Two summers ago, my family moved from Omaha to North Platte, leaving me behind to complete my last year of studies. I had never lived without them. I wasn’t sure what home would mean without the constancy of my parents’ foundation in faith or my siblings’ unsurpassed energy. In a string of grace-filled events, I secured a room for the first year of Newman Hall and the position of coordinating music ministry for Sunday Masses.

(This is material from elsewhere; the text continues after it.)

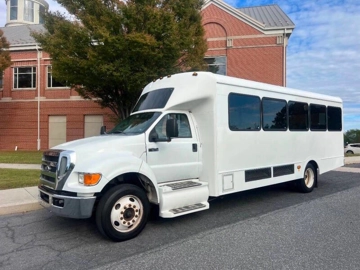 Picture of 2011 Ford F-650 Shuttle Bus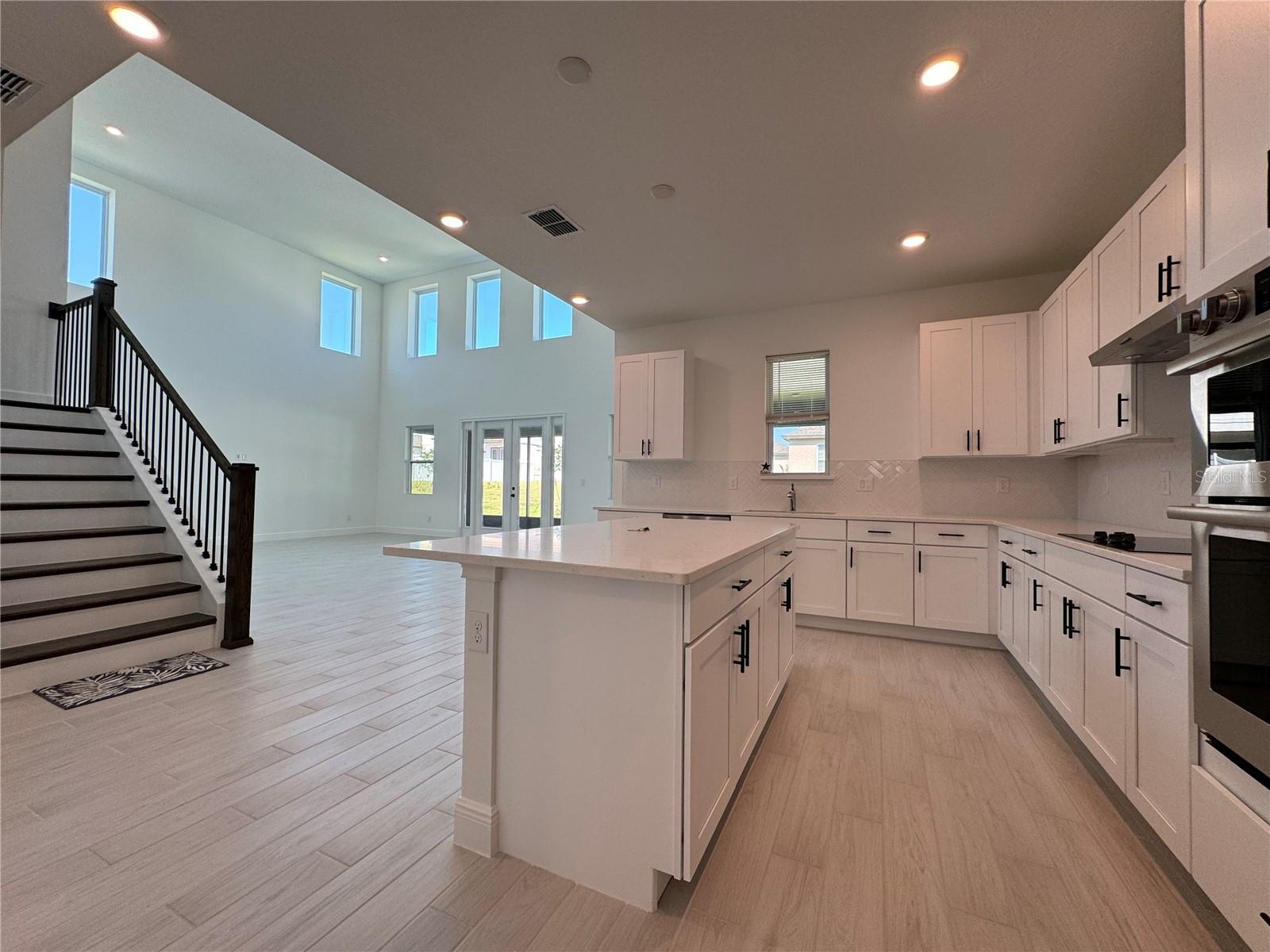 VILLAGES/MINNEOLA HILLS PH 2B - Residential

Loneliness can destroy faith or deepen it. I was blessed to see a light against my loneliness on move-in day, when a girl I’d only seen a handful of times before circumstantially found herself helping me load far too many boxes of books and musical instruments into a cart, which we struggled to push over the threshold of the front door. A couple weeks after that, Anna watched me finish cleaning up the music equipment in our temporary worship space of Karol’s Commons before approaching me to chat. We walked out as if to leave, then lingered in that same front door from move-in day for two hours after Mass, having a perfectly light conversation on casual topics like, you know, each of your strongly held beliefs about the merits and faults of homeschooling and traditional education. Father Roza left and returned with nothing but a smile and a “Hey, guys.” Little did we know at the time that under a year-and-a-half later he’d reveal he was very curious about what would bring two people who don’t know each other all that closely yet to tackle the heavy subjects that he now found us working through in marriage prep. We didn’t know it, but Anna and I had literally stood in the open door of humbling ourselves before each other to discern what would be best for our eventual family.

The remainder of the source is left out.